Others have already done what strikes me as a reasonable job of answering your first question, so I'm going to concentrate on your second question. Here's a rough idea of one way to structure a CPU.

This is assuming a CPU on the general order of an x86, where many operations specify a source and a destination register, where the source field really specifies both a source and a destination. That is, you take the specified source and destination registers as inputs, modify them as specified in the instruction, and deposit the result in the specified destination.
So in this picture, I haven't tried to show the instruction decoder, just the three primary fields: the source, destination, and op-code fields. The source and destination fields each choose a register to read from, and feed into all the functional units. The op-code field then chooses which of those results to keep. The destination field is also fed to a demultiplexer to choose which register to write the result to.

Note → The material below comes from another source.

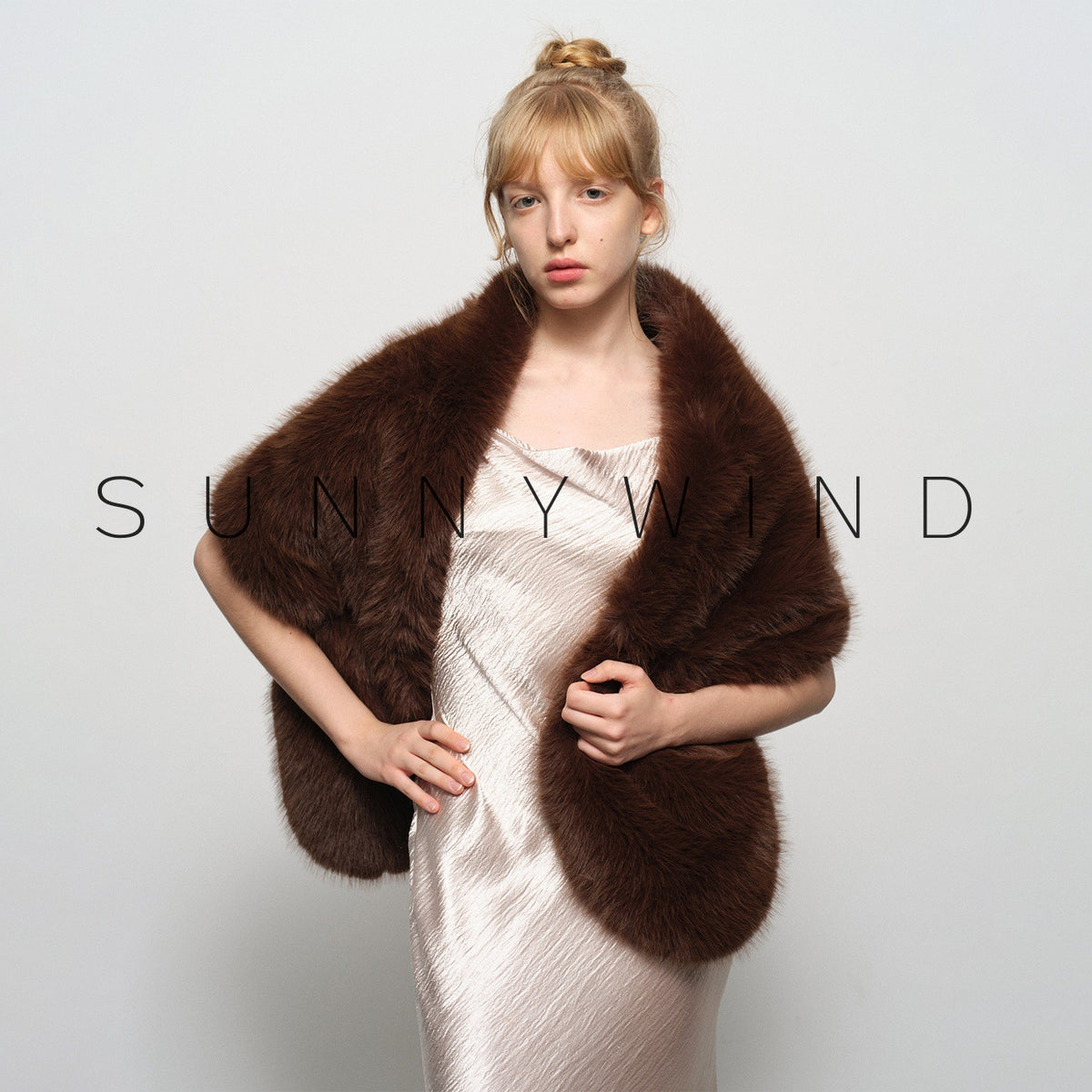 Stylish and elegant faux fur-collared shawl for evening party gowns.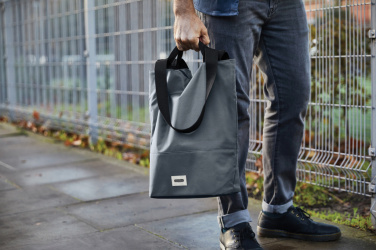 Logotrade Logogeschenke das Foto: Black+Blum isolierte 16L Trage- & Kühltasche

For a CPU that has separate fields for source 1, source 2, and destination, the destination field would connect to the demultiplexer, and the source 1 and source 2 fields would connect to the first two multiplexers.

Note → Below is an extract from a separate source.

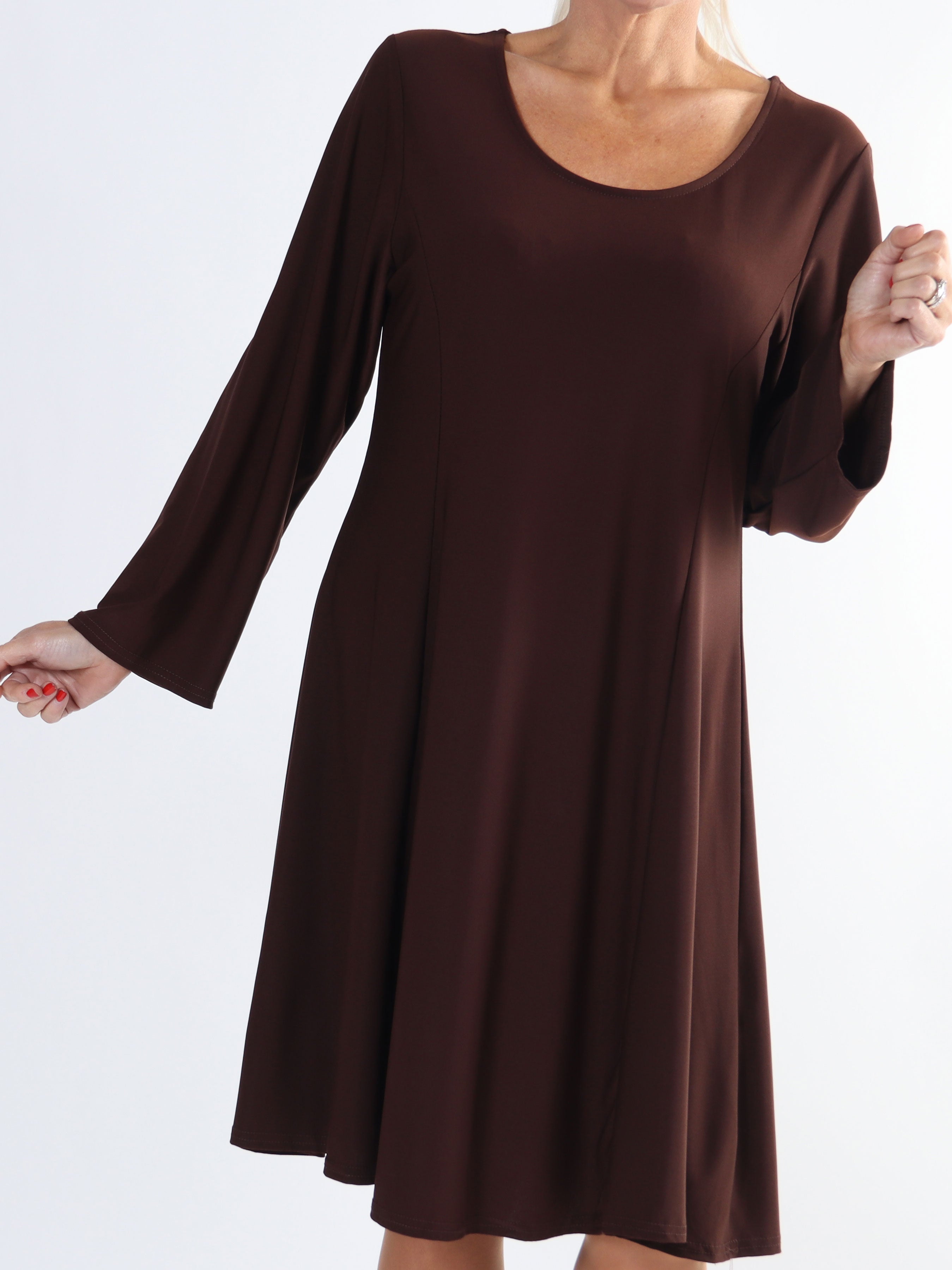 Maj Plain L/S - Elastisk plus size ensfarvet kjole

Side note: the technique of feeding the operands to all the execution units and using a multiplexer to choose which of those to keep is used primarily in relatively small CPUs, at least in my experience. For a couple of examples, this is used in both the 6502 and (at least some versions of) the Xilinx Picoblaze.
For "larger" CPUs, you could use a demux connected to the op-code field, feeding an enable line for each execution unit. In this case, you could use pull-downs on the outputs, and wire-or the results.
Of course, a modern high-end CPU has a considerably more complex structure. In particular, with multiple instructions executing concurrently, your results will normally be written to a large bank of rename registers, with a separate demux for each execution unit1, so in one cycle you might do an addition that deposits its result in one register and also a multiplication that deposits its result in a different register.
Oh, and of course, this is only showing a subset of the real instructions. In a real CPU, you'd typically have a fair number more. Likewise you might easily have more than 8 registers. This doesn't really affect the structure though, just the widths of the mux/demuxers.
1. Well, since those wide muxes and demuxes can be fairly expensive, you typically don't actually have a separate demux for each execution unit. Rather, you might have, say, half a dozen or so groups of execution units, each with a demux to choose its destination, allowing up to six instructions to execute in parallel.